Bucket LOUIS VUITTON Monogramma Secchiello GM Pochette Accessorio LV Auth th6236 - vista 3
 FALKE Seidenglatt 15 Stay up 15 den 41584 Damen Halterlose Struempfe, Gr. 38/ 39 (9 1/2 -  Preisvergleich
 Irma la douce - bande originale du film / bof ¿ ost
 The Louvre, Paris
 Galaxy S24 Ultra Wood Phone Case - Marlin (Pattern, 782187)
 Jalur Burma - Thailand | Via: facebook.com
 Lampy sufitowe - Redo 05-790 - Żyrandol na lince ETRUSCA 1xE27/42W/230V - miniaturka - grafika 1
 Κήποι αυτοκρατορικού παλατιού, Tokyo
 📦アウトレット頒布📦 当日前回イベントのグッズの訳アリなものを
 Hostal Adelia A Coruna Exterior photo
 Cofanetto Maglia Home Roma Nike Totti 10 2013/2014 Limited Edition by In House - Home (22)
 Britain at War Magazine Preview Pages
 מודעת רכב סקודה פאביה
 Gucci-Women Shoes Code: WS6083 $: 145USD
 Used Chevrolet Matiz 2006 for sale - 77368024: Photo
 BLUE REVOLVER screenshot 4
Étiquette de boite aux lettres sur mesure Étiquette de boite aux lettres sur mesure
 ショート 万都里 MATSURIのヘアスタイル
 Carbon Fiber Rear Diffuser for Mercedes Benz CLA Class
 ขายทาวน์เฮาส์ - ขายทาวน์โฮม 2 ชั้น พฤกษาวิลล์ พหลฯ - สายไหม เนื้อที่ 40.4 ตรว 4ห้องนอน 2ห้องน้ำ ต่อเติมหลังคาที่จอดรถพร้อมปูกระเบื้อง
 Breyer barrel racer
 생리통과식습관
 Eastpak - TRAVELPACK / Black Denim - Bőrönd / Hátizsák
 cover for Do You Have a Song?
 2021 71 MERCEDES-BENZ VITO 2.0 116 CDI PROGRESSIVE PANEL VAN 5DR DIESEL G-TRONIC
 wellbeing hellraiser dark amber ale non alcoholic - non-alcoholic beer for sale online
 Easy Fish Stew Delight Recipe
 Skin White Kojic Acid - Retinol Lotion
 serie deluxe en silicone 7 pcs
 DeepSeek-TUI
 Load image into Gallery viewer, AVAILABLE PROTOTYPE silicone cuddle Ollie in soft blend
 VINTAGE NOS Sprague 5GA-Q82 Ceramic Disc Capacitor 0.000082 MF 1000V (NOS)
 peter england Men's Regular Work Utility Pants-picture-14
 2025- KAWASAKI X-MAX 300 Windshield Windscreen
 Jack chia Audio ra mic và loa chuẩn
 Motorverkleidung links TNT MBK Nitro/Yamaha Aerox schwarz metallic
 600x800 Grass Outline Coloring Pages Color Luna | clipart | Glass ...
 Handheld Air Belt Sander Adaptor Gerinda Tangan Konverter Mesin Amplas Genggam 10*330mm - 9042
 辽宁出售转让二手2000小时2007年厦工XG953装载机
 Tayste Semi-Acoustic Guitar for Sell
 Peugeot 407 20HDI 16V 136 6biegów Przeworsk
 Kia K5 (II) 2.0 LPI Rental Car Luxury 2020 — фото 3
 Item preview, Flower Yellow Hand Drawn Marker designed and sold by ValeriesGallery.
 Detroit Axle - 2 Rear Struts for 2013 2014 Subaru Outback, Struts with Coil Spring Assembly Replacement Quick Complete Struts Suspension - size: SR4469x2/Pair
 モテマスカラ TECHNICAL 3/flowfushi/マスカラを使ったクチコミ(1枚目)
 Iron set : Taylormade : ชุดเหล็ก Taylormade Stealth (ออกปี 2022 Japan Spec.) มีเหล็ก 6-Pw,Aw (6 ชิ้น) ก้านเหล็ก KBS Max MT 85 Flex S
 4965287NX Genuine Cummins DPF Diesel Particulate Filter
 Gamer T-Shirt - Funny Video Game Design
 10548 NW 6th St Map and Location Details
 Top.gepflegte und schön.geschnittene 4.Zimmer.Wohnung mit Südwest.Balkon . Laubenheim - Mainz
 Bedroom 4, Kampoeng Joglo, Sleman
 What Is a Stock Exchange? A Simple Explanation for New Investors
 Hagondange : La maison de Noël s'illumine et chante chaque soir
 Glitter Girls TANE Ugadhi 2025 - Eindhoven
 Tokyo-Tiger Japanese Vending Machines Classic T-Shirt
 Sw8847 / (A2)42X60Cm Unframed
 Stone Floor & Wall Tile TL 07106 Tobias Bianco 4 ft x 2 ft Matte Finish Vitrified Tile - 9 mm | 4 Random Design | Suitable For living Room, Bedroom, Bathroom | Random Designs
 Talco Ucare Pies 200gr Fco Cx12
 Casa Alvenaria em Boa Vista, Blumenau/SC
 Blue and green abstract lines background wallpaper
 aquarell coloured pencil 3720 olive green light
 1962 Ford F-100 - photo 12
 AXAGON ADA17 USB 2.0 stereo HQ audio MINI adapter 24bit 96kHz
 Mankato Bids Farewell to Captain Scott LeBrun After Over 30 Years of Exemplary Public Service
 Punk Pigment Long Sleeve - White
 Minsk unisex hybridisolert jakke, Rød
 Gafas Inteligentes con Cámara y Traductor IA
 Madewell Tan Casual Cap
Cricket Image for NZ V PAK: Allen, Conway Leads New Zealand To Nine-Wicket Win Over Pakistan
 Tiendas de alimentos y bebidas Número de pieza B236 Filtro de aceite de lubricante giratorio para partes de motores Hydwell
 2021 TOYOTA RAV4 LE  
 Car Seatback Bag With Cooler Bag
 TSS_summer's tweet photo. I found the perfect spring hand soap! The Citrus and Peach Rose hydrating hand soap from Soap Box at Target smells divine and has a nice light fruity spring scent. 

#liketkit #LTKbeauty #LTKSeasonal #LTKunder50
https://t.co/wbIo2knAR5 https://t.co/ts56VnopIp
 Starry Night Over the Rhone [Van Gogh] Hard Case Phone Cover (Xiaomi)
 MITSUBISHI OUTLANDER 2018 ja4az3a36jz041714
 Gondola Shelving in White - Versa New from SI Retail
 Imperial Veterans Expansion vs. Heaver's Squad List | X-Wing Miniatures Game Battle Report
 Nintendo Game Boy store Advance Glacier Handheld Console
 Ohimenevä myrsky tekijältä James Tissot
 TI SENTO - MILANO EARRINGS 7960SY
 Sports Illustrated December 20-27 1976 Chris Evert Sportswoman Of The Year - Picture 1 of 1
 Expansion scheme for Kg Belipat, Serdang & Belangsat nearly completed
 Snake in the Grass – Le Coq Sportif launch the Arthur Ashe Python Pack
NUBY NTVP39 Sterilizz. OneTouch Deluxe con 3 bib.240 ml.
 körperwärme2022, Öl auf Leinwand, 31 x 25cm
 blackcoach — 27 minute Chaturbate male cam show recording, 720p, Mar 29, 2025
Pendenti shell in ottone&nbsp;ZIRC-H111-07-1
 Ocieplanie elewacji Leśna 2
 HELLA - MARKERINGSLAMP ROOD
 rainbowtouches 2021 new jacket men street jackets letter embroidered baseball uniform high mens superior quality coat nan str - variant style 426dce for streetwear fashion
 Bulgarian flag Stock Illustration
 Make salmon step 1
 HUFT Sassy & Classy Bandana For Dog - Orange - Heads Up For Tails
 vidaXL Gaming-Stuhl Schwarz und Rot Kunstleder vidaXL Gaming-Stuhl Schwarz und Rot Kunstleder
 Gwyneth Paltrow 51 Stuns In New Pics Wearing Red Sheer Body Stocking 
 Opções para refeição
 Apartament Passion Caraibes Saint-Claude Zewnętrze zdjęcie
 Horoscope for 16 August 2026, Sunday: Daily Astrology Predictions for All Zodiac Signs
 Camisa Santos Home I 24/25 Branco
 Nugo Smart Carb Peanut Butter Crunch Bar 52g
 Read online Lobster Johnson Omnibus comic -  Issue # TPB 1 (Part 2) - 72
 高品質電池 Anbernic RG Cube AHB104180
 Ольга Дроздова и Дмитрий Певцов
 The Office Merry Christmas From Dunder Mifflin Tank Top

### Task to complete
From the line containing "Ольга Дроздова и Дмитрий Певцов" through the last line of the entries above, print each line exactly as it stands.

### Task answer
 Ольга Дроздова и Дмитрий Певцов
 The Office Merry Christmas From Dunder Mifflin Tank Top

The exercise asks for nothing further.